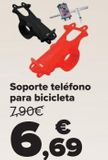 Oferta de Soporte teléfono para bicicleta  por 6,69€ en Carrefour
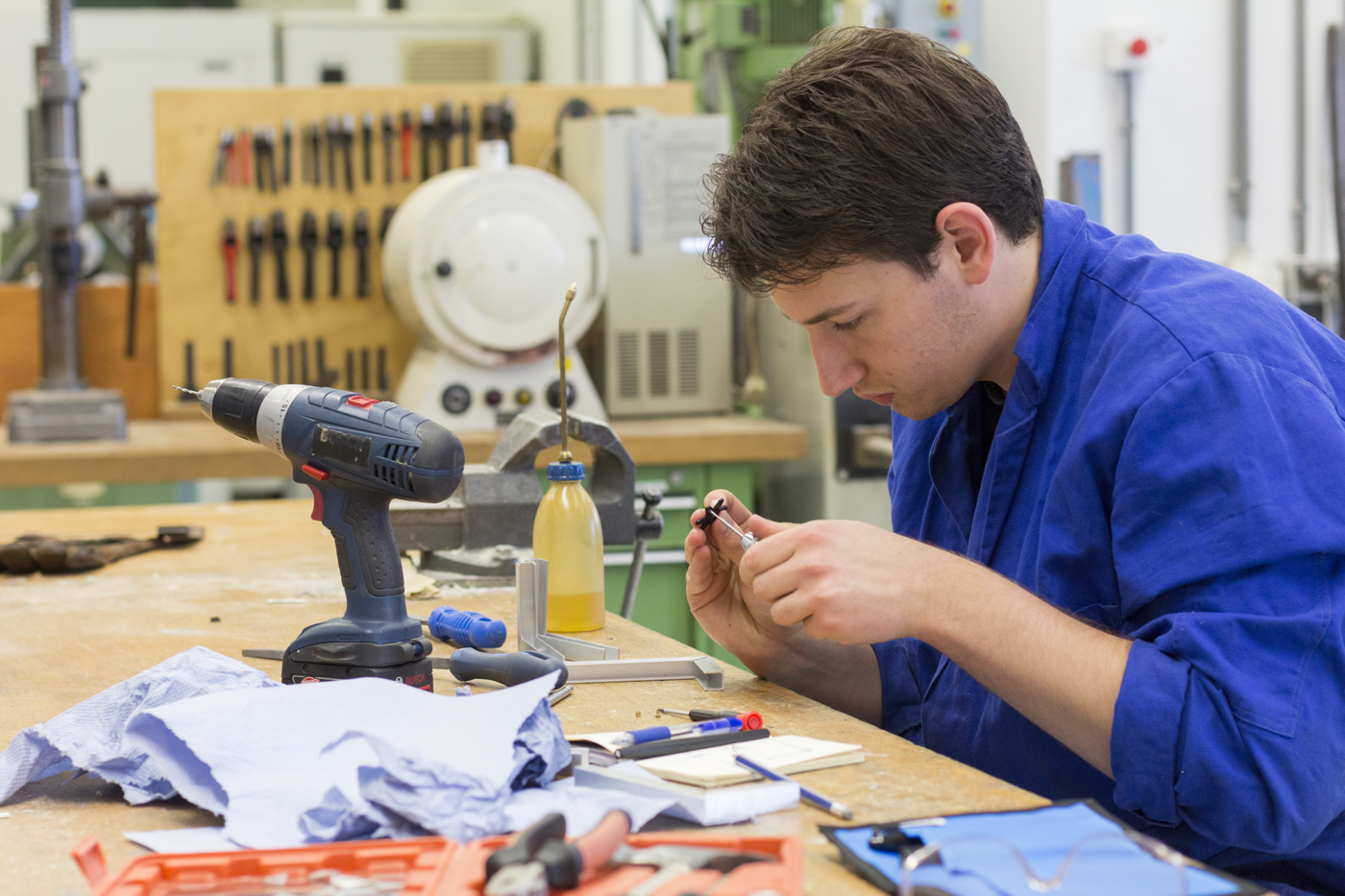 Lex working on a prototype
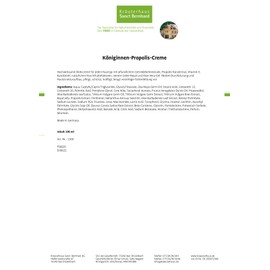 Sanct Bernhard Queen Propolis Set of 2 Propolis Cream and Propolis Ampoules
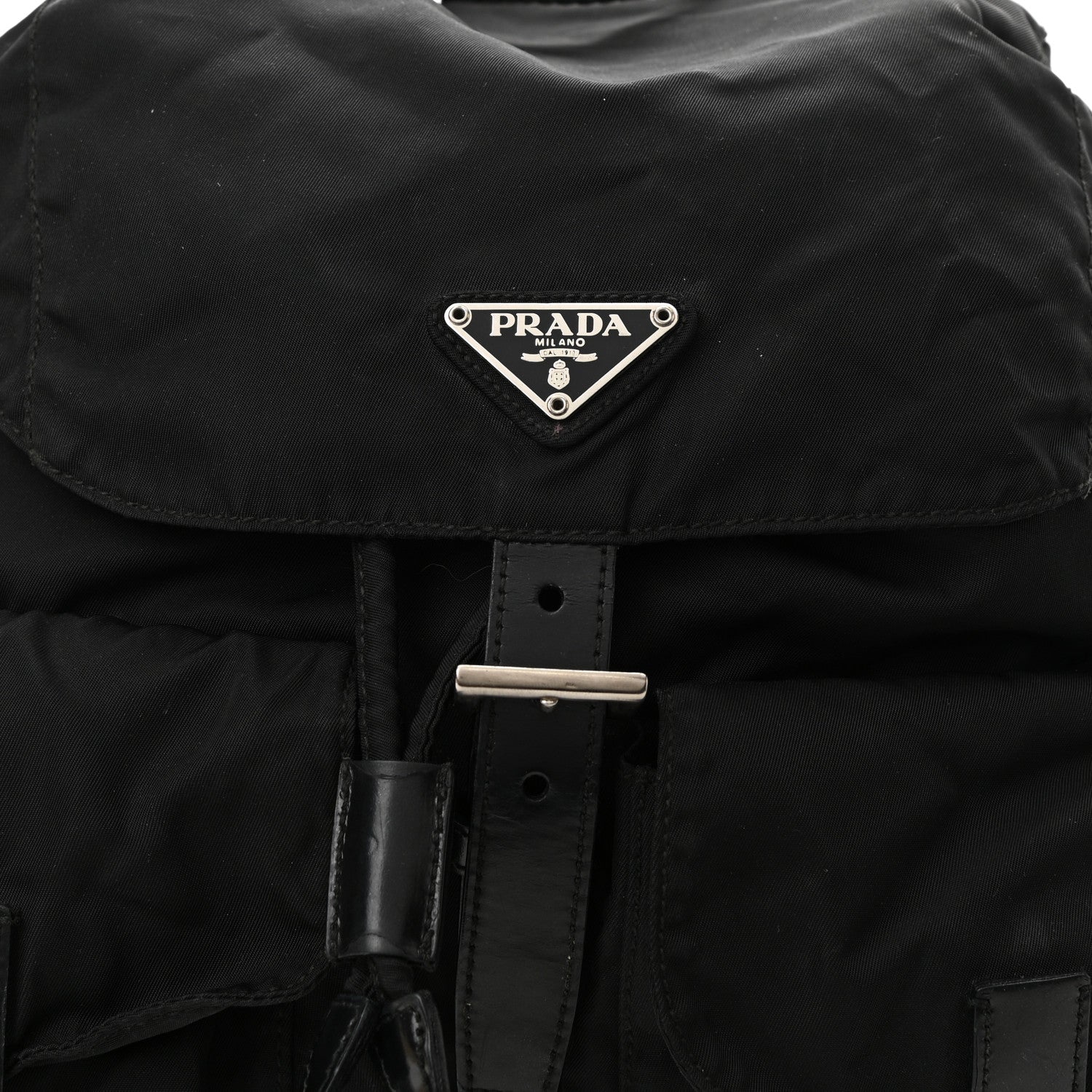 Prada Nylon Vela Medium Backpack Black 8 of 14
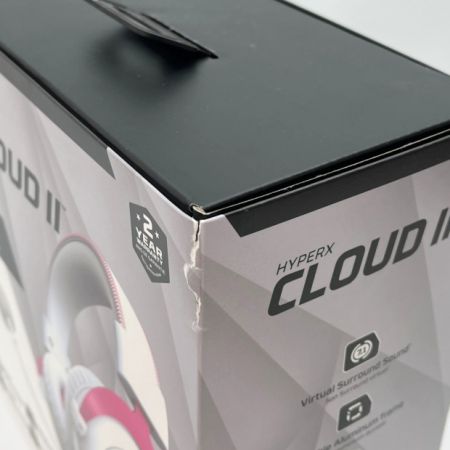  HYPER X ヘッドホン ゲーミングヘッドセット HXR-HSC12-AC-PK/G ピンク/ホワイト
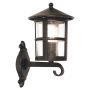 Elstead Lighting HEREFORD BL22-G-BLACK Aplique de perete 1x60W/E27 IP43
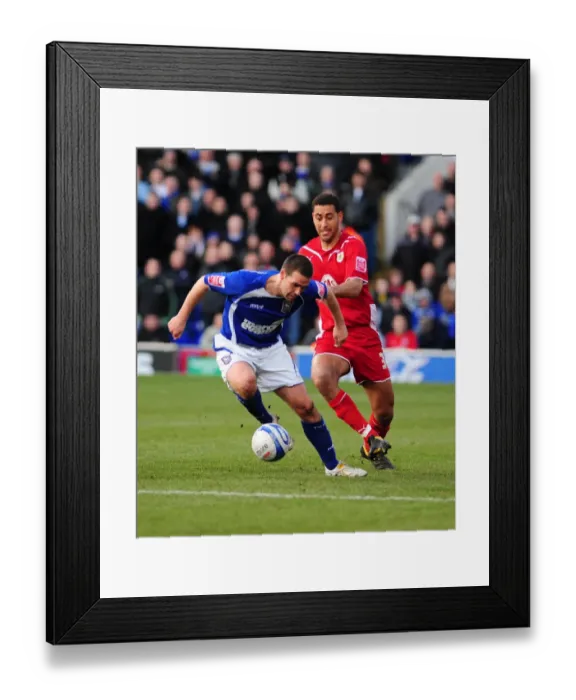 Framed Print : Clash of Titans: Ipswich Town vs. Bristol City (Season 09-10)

****************

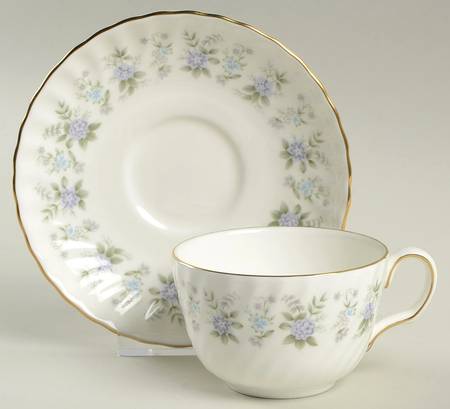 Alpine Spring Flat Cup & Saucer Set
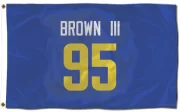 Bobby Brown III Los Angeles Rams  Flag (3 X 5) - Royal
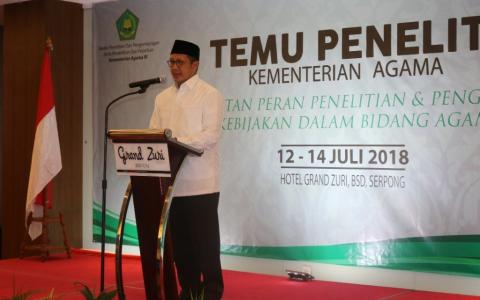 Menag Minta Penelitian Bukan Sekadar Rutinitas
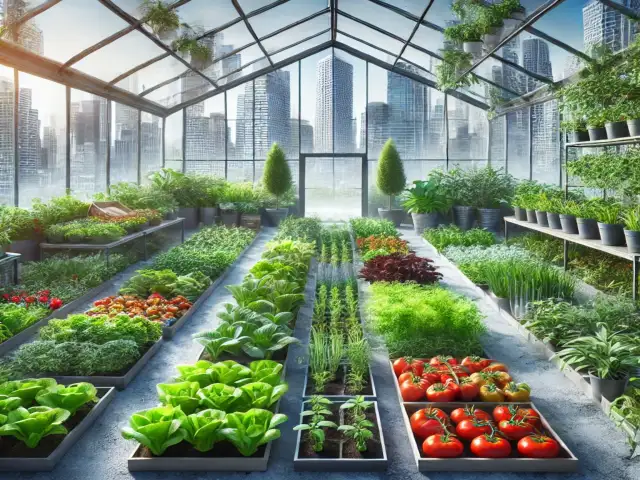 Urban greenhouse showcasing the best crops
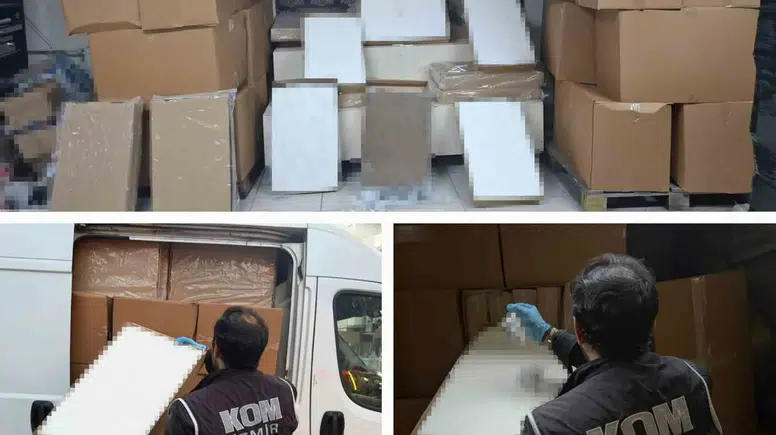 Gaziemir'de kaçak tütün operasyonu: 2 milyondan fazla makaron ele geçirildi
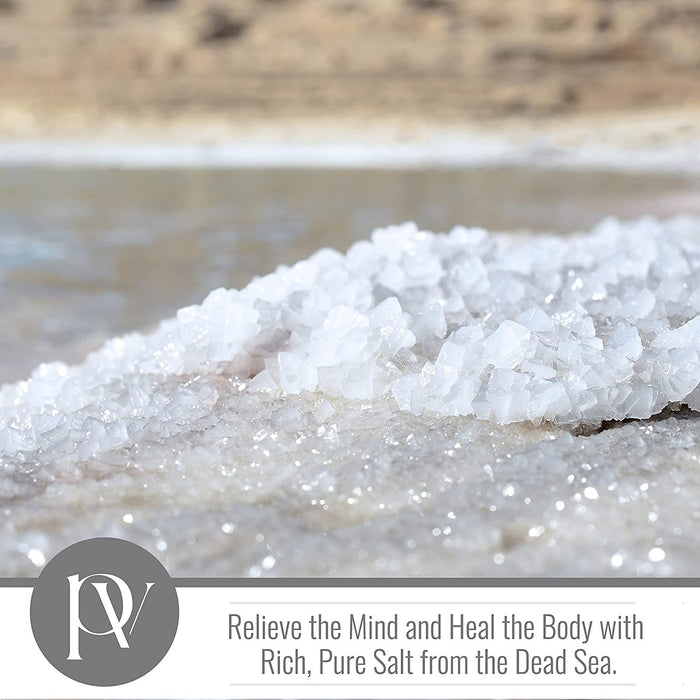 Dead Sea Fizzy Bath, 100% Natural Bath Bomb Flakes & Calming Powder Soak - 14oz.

****************

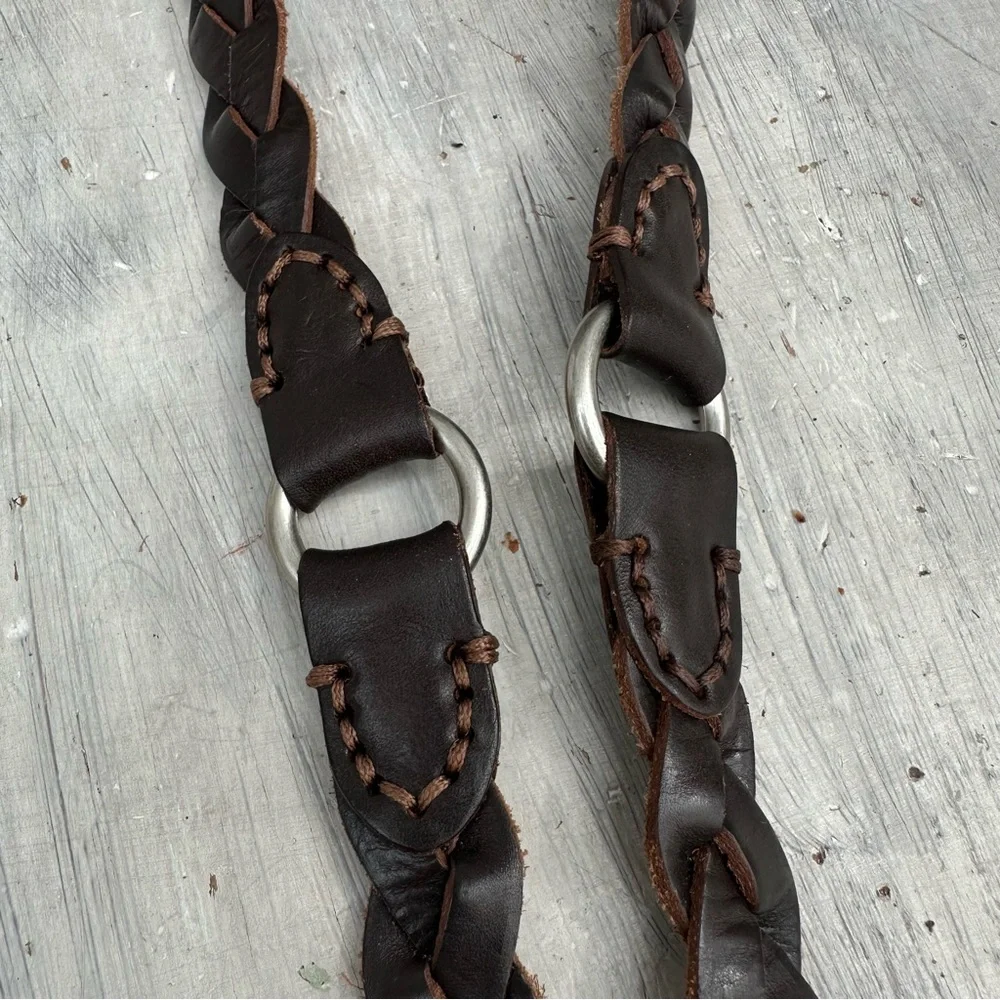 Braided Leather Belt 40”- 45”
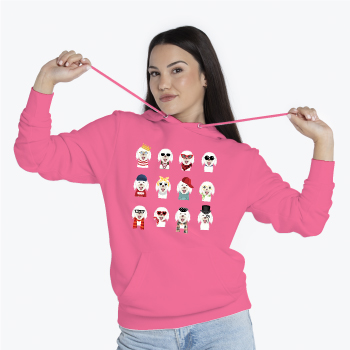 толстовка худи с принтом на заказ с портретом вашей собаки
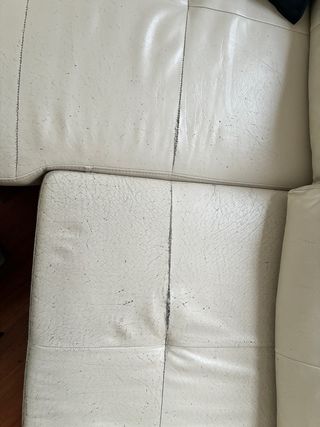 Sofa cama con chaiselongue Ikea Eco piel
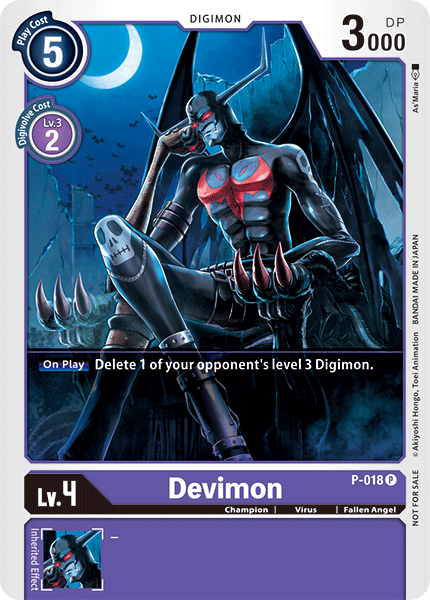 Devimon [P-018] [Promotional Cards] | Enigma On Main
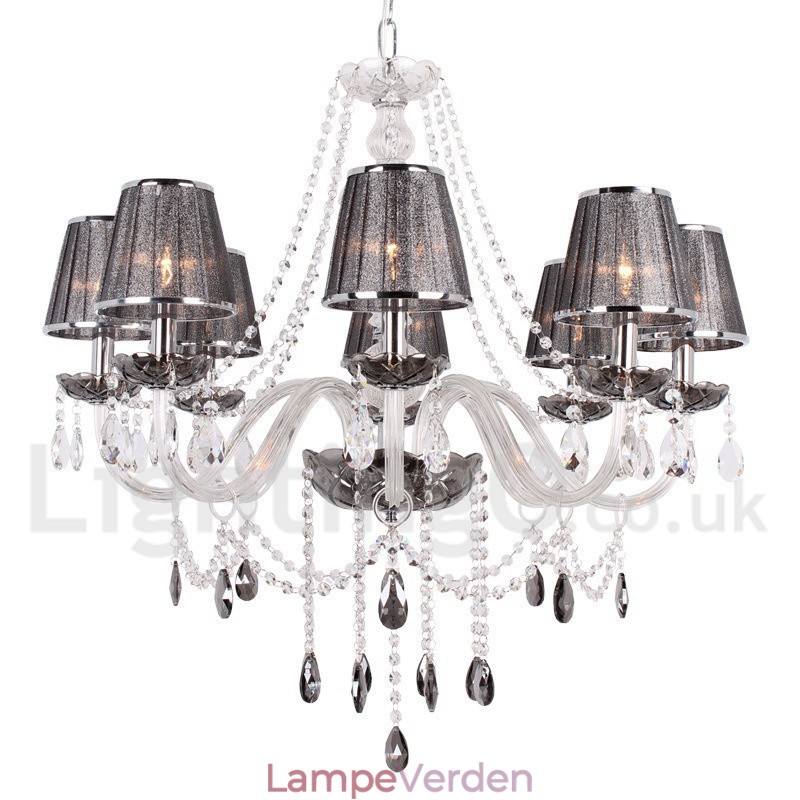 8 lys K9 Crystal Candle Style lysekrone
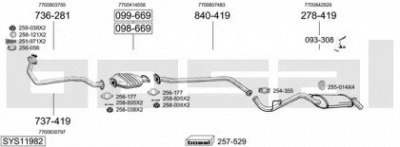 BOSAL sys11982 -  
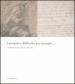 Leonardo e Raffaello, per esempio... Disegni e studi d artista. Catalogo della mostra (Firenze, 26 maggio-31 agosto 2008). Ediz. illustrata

****************

Look above for the line with "Prada Nylon Vela"; quote it and every line after it, stopping after the line with "Framed Print : Clash", exactly, with nothing added and without pictures.

 Prada Nylon Vela Medium Backpack Black 8 of 14
  HYPER X ヘッドホン ゲーミングヘッドセット HXR-HSC12-AC-PK/G ピンク/ホワイト
 Elstead Lighting HEREFORD BL22-G-BLACK Aplique de perete 1x60W/E27 IP43
 Framed Print : Clash of Titans: Ipswich Town vs. Bristol City (Season 09-10)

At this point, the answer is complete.